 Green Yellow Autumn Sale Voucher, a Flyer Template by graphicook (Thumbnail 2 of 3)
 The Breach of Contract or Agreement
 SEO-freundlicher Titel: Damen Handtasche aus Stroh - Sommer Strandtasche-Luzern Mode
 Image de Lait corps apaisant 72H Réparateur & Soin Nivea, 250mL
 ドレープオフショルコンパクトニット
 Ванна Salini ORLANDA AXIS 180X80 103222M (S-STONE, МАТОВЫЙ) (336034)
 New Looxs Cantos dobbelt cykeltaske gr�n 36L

--

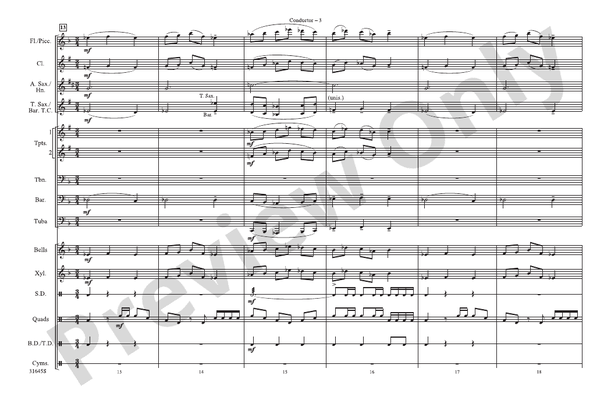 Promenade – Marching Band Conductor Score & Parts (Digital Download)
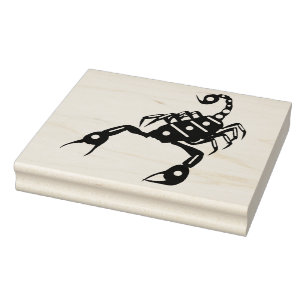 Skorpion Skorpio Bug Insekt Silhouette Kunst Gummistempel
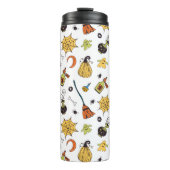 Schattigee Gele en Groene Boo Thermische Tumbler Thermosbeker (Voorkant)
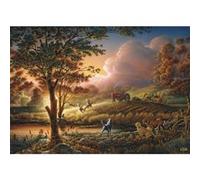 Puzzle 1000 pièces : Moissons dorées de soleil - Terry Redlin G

--

Task to carry out
Using the records above, repeat exactly the run of lines that starts with the line with "Schattigee Gele en" and goes on through the line with "Puzzle 1000 pièces"; omit each picture.

Final answer
 Schattigee Gele en Groene Boo Thermische Tumbler Thermosbeker (Voorkant)
 Puzzle 1000 pièces : Moissons dorées de soleil - Terry Redlin G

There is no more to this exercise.